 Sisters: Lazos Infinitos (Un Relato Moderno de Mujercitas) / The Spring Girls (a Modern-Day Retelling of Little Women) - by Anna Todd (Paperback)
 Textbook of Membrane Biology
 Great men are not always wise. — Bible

+---+

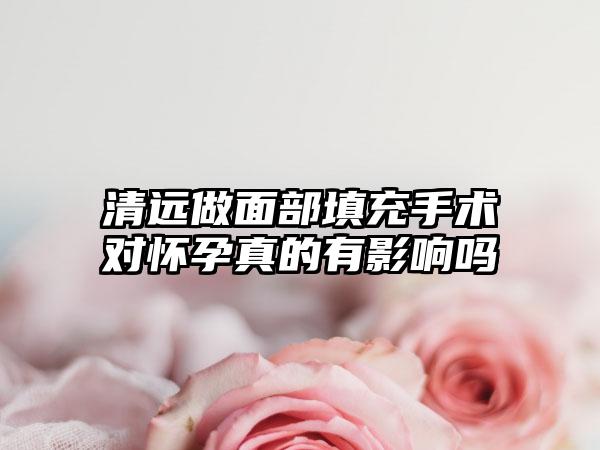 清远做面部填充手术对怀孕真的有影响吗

+---+

- **Problem to solve**:
What you return must be the lines above that run from the line with "Sisters: Lazos Infinitos" to the line with "Great men are not always wise. — Bible", inclusive, each copied exactly.

- **Your solution**:
 Sisters: Lazos Infinitos (Un Relato Moderno de Mujercitas) / The Spring Girls (a Modern-Day Retelling of Little Women) - by Anna Todd (Paperback)
 Textbook of Membrane Biology
 Great men are not always wise. — Bible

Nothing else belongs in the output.